[Captioned web image data]

-- -- --

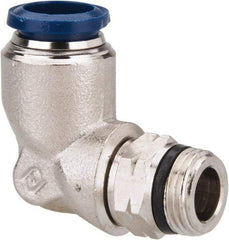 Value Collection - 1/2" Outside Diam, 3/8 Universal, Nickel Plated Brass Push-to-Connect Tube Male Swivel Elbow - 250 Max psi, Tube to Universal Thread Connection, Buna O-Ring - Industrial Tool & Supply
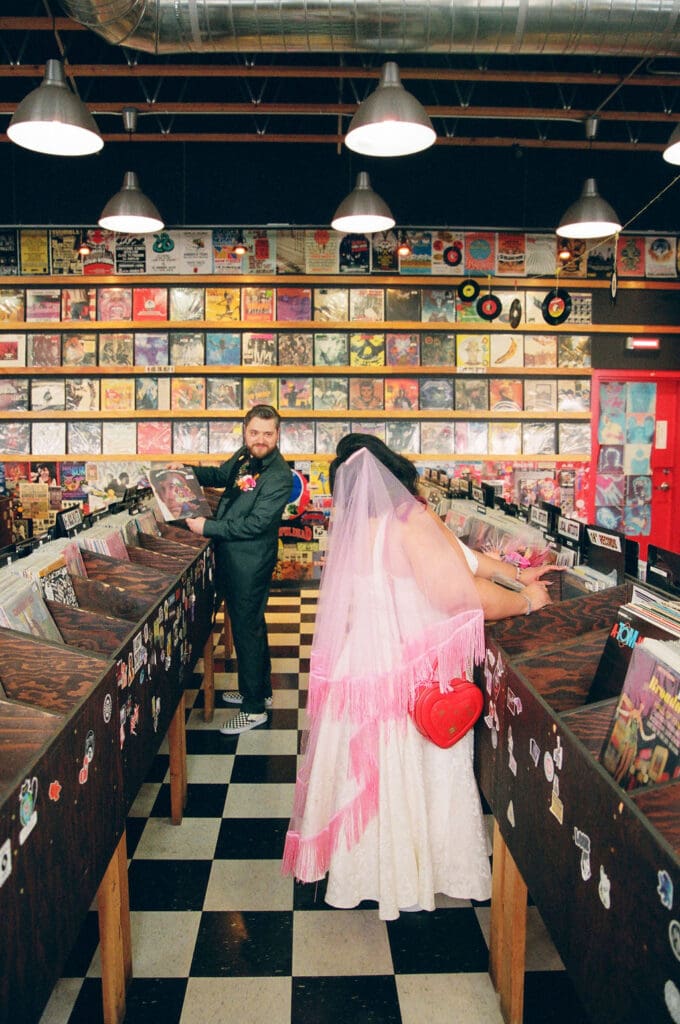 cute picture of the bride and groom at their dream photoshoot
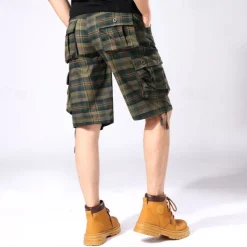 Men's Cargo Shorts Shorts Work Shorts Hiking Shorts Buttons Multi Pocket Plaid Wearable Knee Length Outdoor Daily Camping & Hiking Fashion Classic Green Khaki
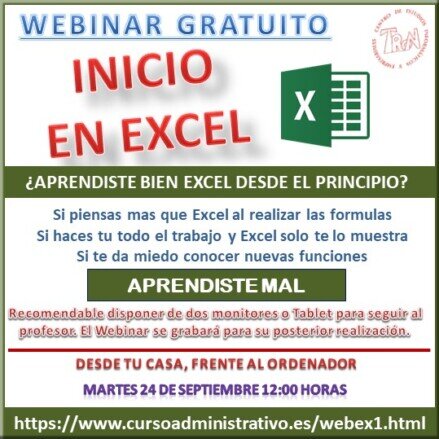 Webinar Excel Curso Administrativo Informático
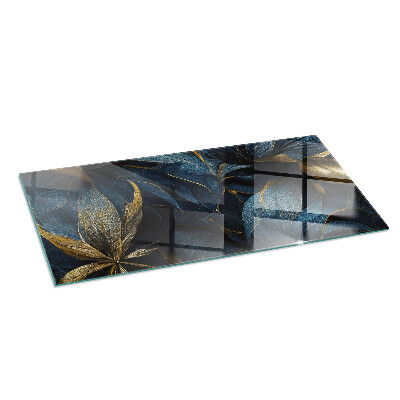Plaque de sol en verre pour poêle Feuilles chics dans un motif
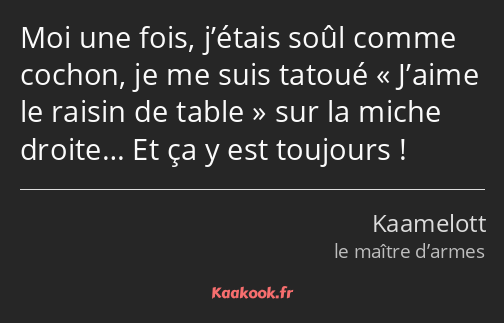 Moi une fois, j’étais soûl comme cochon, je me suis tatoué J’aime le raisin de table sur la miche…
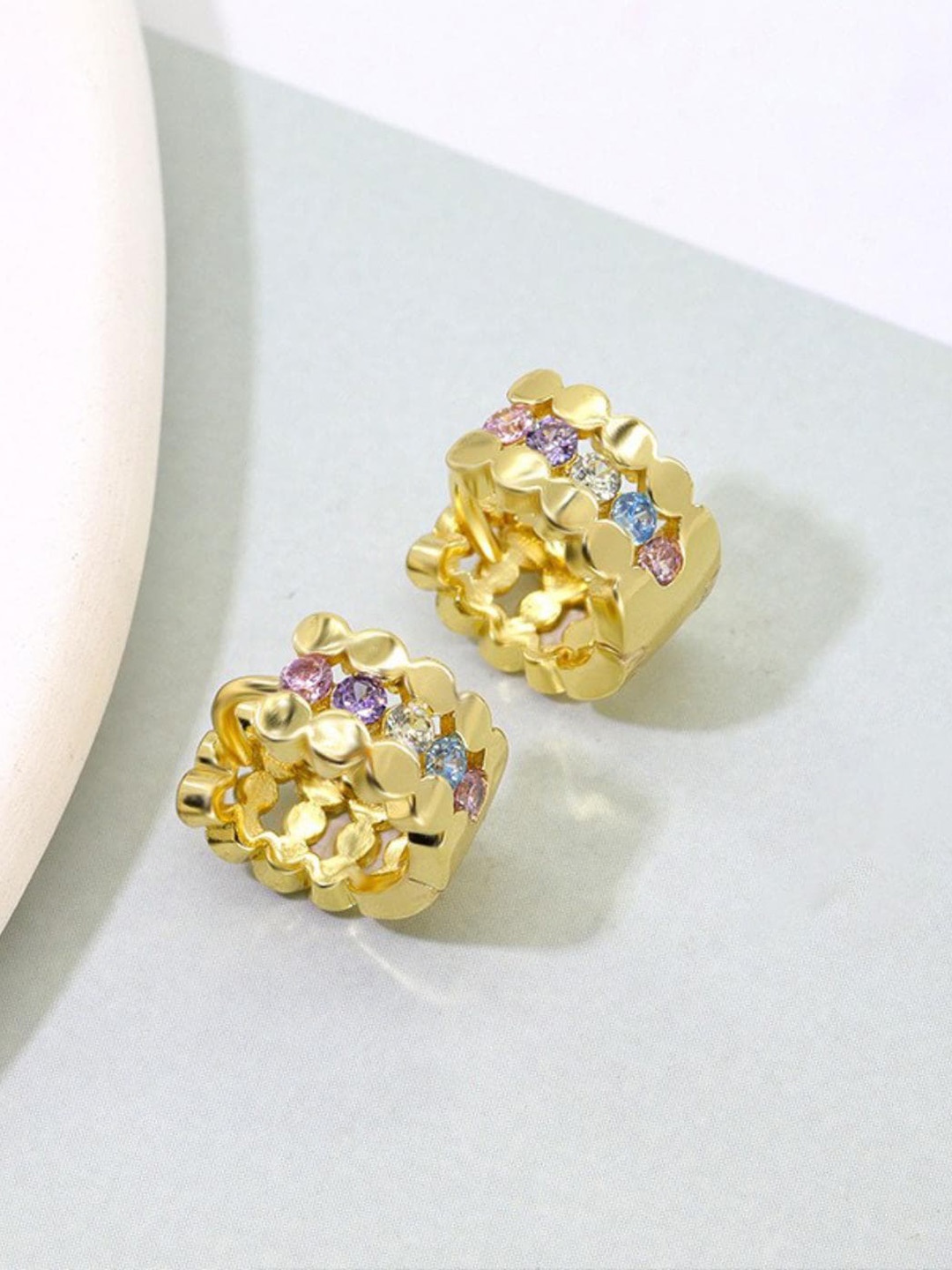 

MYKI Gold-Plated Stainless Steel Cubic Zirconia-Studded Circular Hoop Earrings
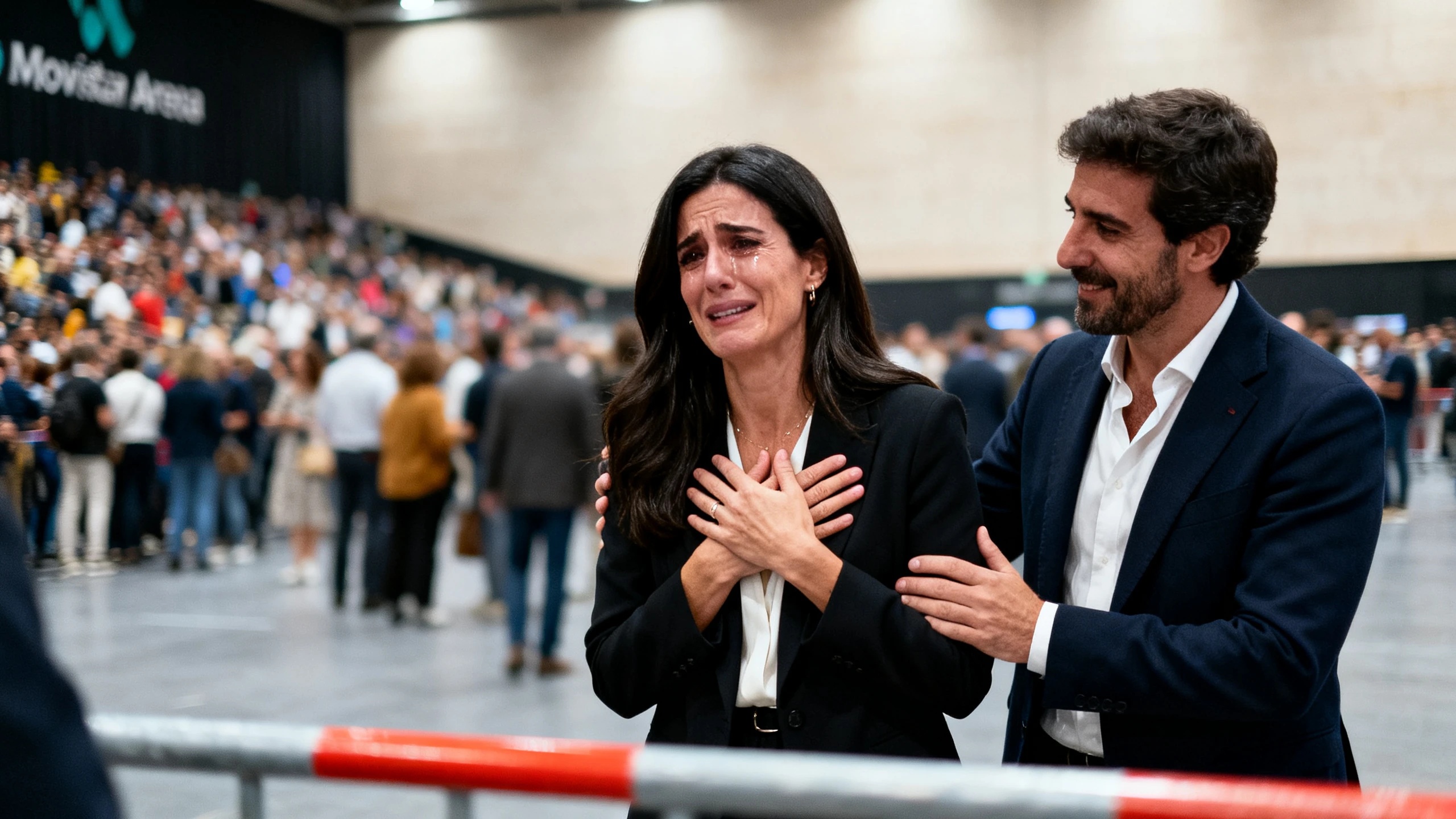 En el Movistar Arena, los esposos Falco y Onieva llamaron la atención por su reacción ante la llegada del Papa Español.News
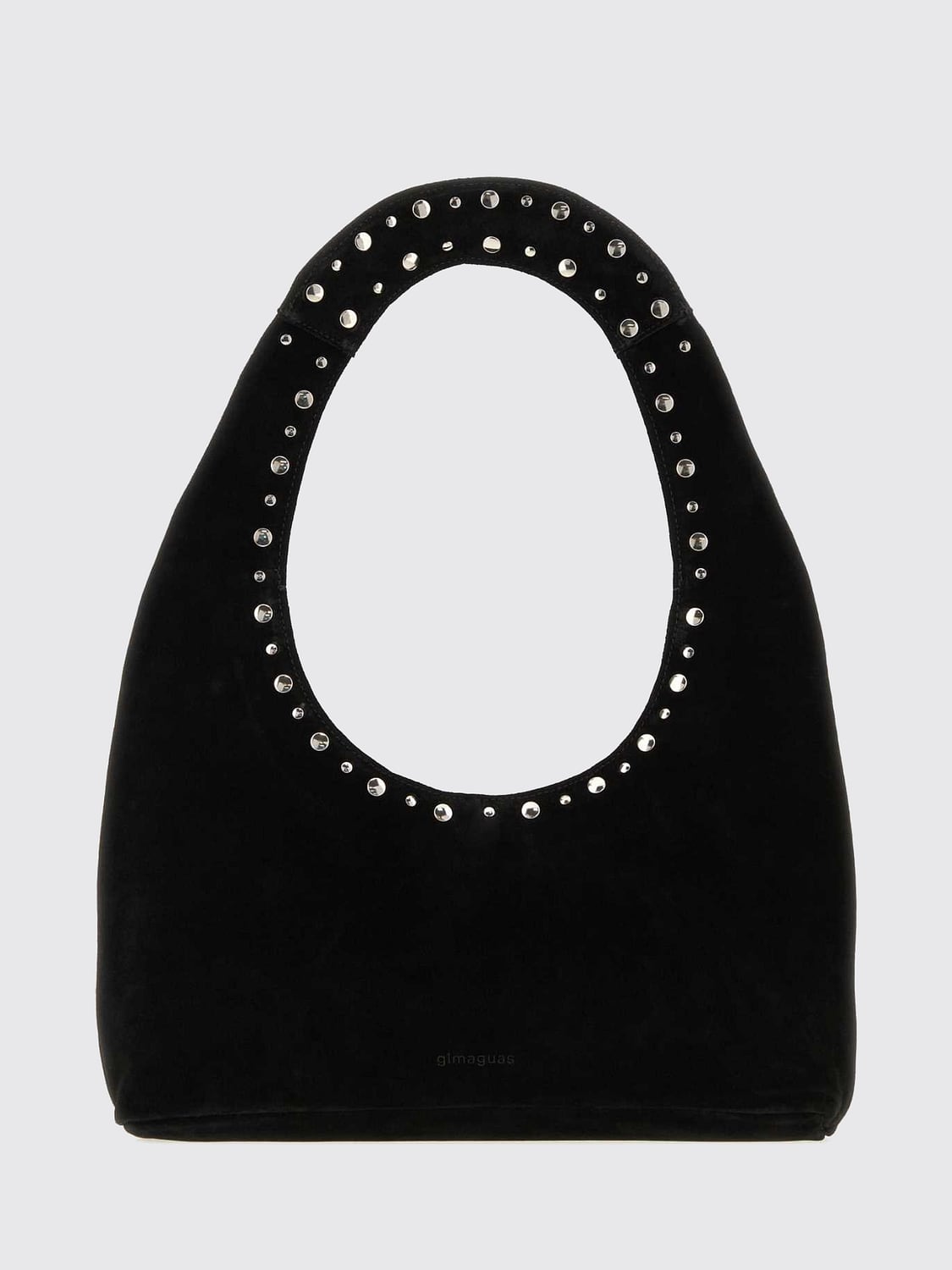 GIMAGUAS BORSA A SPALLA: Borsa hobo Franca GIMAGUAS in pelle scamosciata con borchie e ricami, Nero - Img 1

-- -- --

About this exercise >> Go through the entries above and write them out again exactly, images left behind.

Result >>
 Value Collection - 1/2" Outside Diam, 3/8 Universal, Nickel Plated Brass Push-to-Connect Tube Male Swivel Elbow - 250 Max psi, Tube to Universal Thread Connection, Buna O-Ring - Industrial Tool & Supply
 cute picture of the bride and groom at their dream photoshoot
 Men's Cargo Shorts Shorts Work Shorts Hiking Shorts Buttons Multi Pocket Plaid Wearable Knee Length Outdoor Daily Camping & Hiking Fashion Classic Green Khaki
 Webinar Excel Curso Administrativo Informático
Plaque de sol en verre pour poêle Feuilles chics dans un motif
 Moi une fois, j’étais soûl comme cochon, je me suis tatoué J’aime le raisin de table sur la miche…

MYKI Gold-Plated Stainless Steel Cubic Zirconia-Studded Circular Hoop Earrings
 En el Movistar Arena, los esposos Falco y Onieva llamaron la atención por su reacción ante la llegada del Papa Español.News
 GIMAGUAS BORSA A SPALLA: Borsa hobo Franca GIMAGUAS in pelle scamosciata con borchie e ricami, Nero - Img 1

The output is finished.